Pawel Olkowski hat beim 1. FC Köln das Mannschaftstraining wieder aufgenommen und wird am Mittwoch im Testspiel gegen den VfB Stuttgart zum Einsatz kommen. Der Pole hat sich in kürzester Zeit wieder zu einem wichtigen Spieler im Effzeh-Kader entwickelt.

Köln – Am Montag trainierte Pawel Olkowski erstmals in diesem Jahr wieder mit der Mannschaft. Der Rechtsverteidiger, der sich in den letzten drei Spielen vor der Winterpause formstark präsentierte, könnte entscheidenden Einfluss auf die Transferpläne der Geissböcke haben.
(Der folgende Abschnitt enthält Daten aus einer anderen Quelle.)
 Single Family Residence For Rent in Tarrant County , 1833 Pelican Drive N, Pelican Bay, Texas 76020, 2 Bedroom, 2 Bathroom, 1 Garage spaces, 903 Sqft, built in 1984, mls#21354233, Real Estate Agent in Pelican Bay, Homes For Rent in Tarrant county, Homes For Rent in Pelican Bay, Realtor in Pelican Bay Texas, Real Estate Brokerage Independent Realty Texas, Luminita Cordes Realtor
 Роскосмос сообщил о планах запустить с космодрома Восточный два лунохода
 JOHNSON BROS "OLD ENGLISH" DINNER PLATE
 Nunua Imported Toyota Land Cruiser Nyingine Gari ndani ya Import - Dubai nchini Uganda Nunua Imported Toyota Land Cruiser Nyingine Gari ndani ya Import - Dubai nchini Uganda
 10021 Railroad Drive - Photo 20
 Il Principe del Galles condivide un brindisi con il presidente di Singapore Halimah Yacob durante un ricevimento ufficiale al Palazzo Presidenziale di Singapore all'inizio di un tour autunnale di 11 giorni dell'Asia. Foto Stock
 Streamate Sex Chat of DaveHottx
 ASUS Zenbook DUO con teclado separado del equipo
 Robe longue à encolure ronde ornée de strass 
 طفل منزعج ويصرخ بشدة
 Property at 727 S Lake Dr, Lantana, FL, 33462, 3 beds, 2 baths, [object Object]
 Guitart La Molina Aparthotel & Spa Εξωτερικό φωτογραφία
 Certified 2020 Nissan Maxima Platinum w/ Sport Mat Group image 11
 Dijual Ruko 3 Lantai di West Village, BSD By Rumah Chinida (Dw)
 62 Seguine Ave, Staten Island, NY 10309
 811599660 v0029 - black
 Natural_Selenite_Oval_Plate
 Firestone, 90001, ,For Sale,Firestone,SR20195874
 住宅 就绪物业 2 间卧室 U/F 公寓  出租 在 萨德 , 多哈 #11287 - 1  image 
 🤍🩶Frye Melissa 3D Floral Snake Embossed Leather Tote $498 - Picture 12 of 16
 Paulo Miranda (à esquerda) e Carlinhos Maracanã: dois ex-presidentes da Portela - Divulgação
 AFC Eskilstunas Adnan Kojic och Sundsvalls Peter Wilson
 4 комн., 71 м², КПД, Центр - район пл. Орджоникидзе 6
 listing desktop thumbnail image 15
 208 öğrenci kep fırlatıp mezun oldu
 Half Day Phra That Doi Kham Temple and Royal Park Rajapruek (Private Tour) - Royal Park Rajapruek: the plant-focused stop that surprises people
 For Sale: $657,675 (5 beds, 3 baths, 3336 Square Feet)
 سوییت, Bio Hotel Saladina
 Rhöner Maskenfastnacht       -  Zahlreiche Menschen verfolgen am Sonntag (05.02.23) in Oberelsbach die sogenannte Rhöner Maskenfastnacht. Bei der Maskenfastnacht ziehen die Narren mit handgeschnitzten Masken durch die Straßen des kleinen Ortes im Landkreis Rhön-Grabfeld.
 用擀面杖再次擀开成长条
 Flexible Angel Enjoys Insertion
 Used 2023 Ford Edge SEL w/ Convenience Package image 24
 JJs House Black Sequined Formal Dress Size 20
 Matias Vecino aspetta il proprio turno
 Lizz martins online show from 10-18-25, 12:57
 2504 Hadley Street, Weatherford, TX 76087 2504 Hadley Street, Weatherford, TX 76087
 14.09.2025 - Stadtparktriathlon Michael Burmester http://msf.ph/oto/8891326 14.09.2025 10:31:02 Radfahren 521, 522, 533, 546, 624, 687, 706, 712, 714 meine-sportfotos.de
Nur sieben Startelf-Einsätze in 2016

Nein, ein leichtes Jahr hat der Pole wahrlich nicht hinter sich. Monatelang war er weg vom Fenster, in einer körperlichen Krise, die ihn weit zurückwarf. Der 26-Jährige brauchte bis in den Herbst, um sich auf ein Niveau zurück zu arbeiten, das ihm erlaubte, wieder eine Alternative für Trainer Peter Stöger zu sein.

Pawel Olkowski meldete sich gegen Dortmund eindrucksvoll zurück. (Foto: MV)

Pawel Olkowski meldete sich gegen Dortmund eindrucksvoll zurück. (Foto: MV)

Gegen Hoffenheim im DFB-Pokal stand Olkowski erst zum vierten Mal überhaupt im Jahr 2016 in der Anfangsformation. Seine starke Leistung wurde registriert, doch hinter Frederik Sörensen blieb der Pole bis in den Dezember hinein auf der Bank. Erst die Verletzung von Marcel Risse und das Vakuum auf rechts spülte Olkowski zurück in die erste Elf. Und was er gegen Dortmund, Bremen und Leverkusen ablieferte, war insbesondere unter Berücksichtigung der fehlenden Spielpraxis aller Ehren wert.

Olkowski will Anspruch auf einen Stammplatz untermauern

Im neuen Jahr kam Olkowski zunächst noch nicht in Gang. Der Pole schleppte ein paar Problemchen aus dem Leverkusen-Derby mit in die erste Trainingswoche. Die sind nun aber auskuriert. Am Mittwoch gegen den VfB Stuttgart (ab 14 Uhr im GBK-Liveticker) will er sich erstmals wieder in einem Spiel präsentieren und seine Ansprüche auf einen Stammplatz untermauern.